The Anna and kisan movements, writes Rajdeep Sardesai
One of the more ironic images from last week’s Bharat Bandh called by farmer groups was that of social activist Anna Hazare on a day-long fast in support of their demands. Accompanied by just a handful of supporters, a recorded message from his Ralegan Siddhi village was sent out to television channels. Most channels ignored it, a far cry from when multi-cam teams were chasing the then septuagenarian Gandhi topi leader, some even comparing him to a modern-day Mahatma.
The Anna moment in Indian politics has long gone. The question is: Can it be replicated by a new band of protesters and will the 2020 farm protests do to the Narendra Modi 2.0 government what the 2011 Anna anti-corruption movement did to Manmohan Singh’s second term?
There should be little doubt that the Anna movement was a catalyst in the decline and fall of the United Progressive Alliance (UPA) 2. It brought corruption to the political centrestage, crystallised public opinion against the government, enfeebled the executive, and paved the way for a Modi-like leader to offer himself as a strongman alternative to a tottering Congress-led coalition. The India Against Corruption grouping brought together a range of public figures from the Left and Right on the same platform, accompanied by the cry of sab neta chor hai (all political leaders are thieves).

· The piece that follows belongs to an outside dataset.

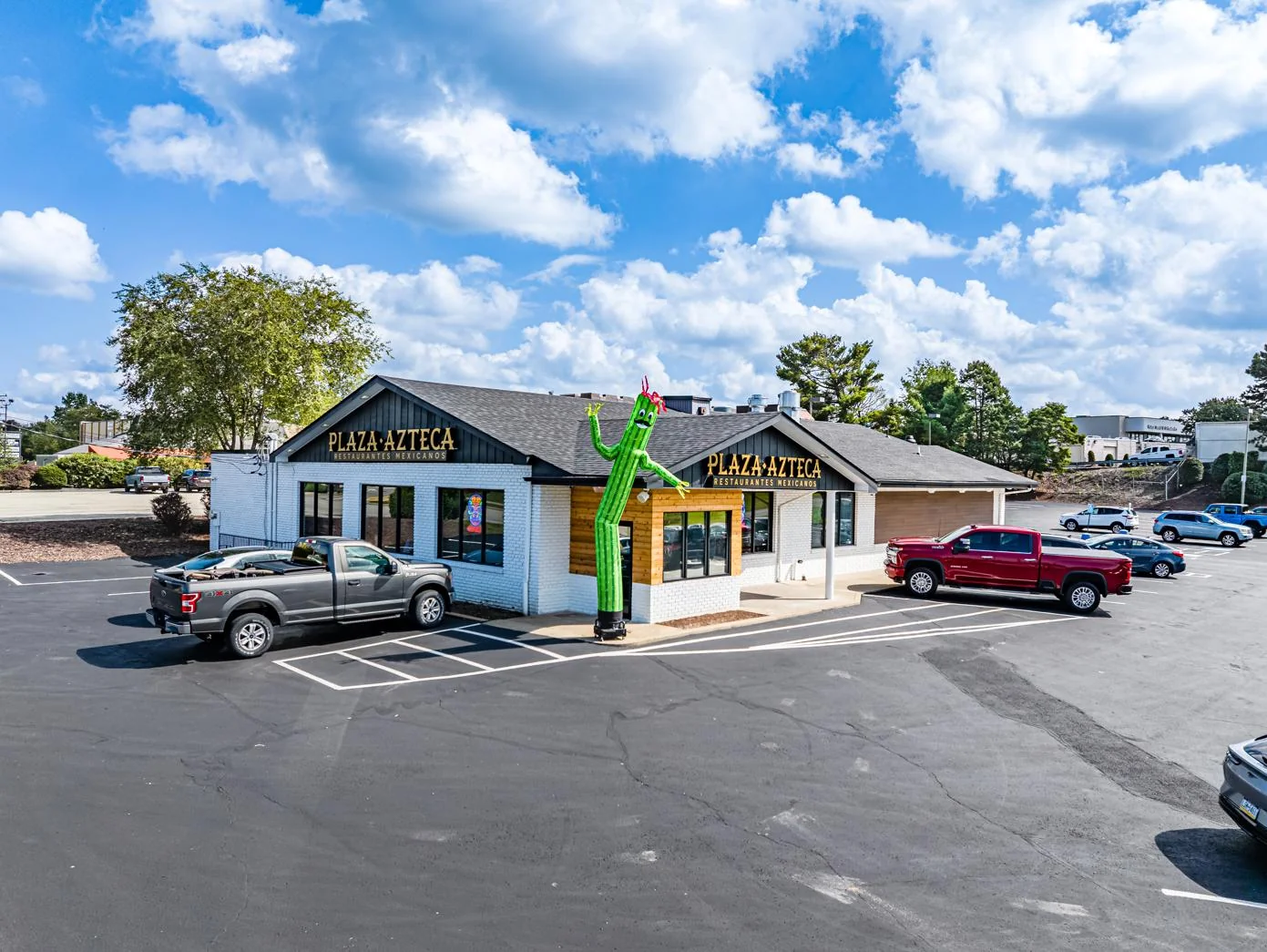 Plaza Azteca | 11+ Years Remaining on Absolute NNN… — Sale in Monroeville, PA, photo 1 of 3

Now, contrast the Anna movement with the farmers who have hit the streets. There is no Anna-like figure being held up as a mascot. Instead, we see are a multitude of farm union leaders, a majority of them from Punjab. The Opposition, with its own list of grievances against the Modi government, has also jumped in. If 2011 was Team Anna versus the Singh government, this is now being pitched as an Opposition versus Modi battle with farmers as foot soldiers.
But there is one key difference: There is no evidence yet of middle-class support. During the Anna movement, the middle-class instantly identified with the anti-corruption slogan. A series of scams created this connect between the protests and the growing sense of citizen anger and alienation towards the political class. That link is missing. India’s urban middle-class is perhaps the most vociferous constituency for free market reform. The idea that a farmer needs a safety net in a competitive market environment doesn’t seem to strike those who live in their consumerist nirvana.

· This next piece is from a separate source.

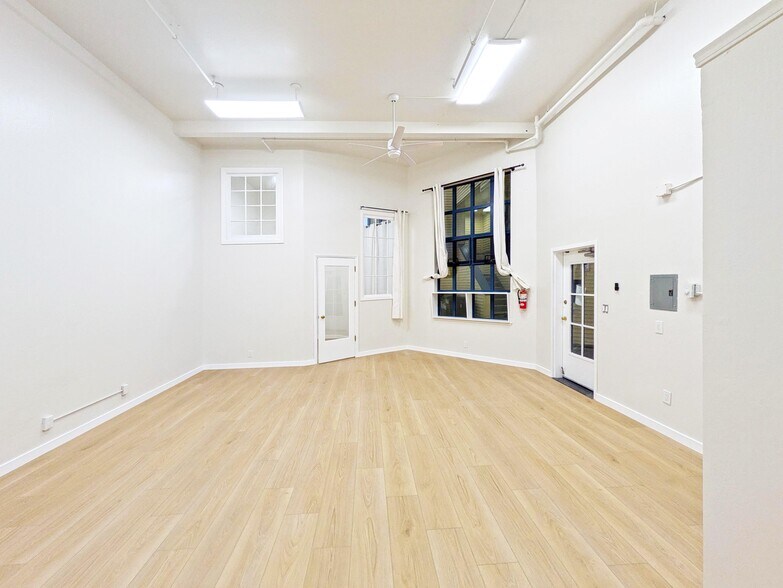 More Photos Of 2980 College Ave, Berkeley Apartments For Lease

A mass populist upsurge needs an identifiable enemy. The Anna movement had it in the imagery of Union ministers accused of corruption. The farmers protests are far more diffused: A demand for scrapping a law doesn’t create an immediate enemy figure. The farm leaders have attempted to whip up fury against corporate tycoons but whether allegations of cronyism will resonate widely is uncertain. Many Opposition parties have patronised these very business groups when they were in power.
There is another important difference. In 2011, the media was an active participant in shaping the anti-government narrative and elevating Team Anna leaders to national heroes. Now, compromised segments of the mainstream media are unwilling to challenge the government while routinely cornering the Opposition forces. The slew of Union ministers speaking out is a sign that the Modi government, unlike its predecessor, will not cede prime-time space for its opponents to set the agenda.
Maybe the basic difference lies in the persona of Modi and Singh. Where the latter was weakened by the rigors of coalition politics and his soft-spoken bureaucrat-politician image, Modi as the tough-talking authoritarian figure leading a majority government has less tolerance for any dissent. Where Singh rarely sat on prestige, the Modi approach is driven by the Supreme Leader’s conviction in his own sense of infallibility.
Unlike the Singh government which legitimised the Anna movement by setting up an official committee to discuss the anti-corruption Lokpal bill, the Modi government has attempted to divide and demonise the farmer protests with Union ministers claiming that there is a sinister design by the so-called “tukde tukde gang” of “urban Maoists” to infiltrate the movement. The incessant name-calling is a familiar stratagem used by the Modi machine in the past too. By invoking the K word — not kisan but Khalistan — the attempt is to convince the citizenry that these protests are not about farm reforms but actually about destabilising India. A Union minister has even bizarrely suggested that the protestors are acting on the instructions of Pakistan and China.
The farmers may have won the first round by forcing the Modi government to come to the negotiating table but don’t expect an intransigent Centre to blink so easily. This is not a government that will send its ministers to meet the farmers at the dharna site unlike the Singh government which inexplicably organised a red carpet ministerial airport reception for Baba Ramdev. Here, farmers have been barricaded, tear-gassed and highways dug up to prevent them from entering Delhi. A long winter of discontent lies ahead.
Post-script: For the urban middle-class, 2020 has been a wake-up call. The lockdown brought home the stark reality of despairing, poor urban migrants being forced to undertake the long walk back home. Now, the farm protests have at least ensured that the kisan and the rural economy seep into the national consciousness.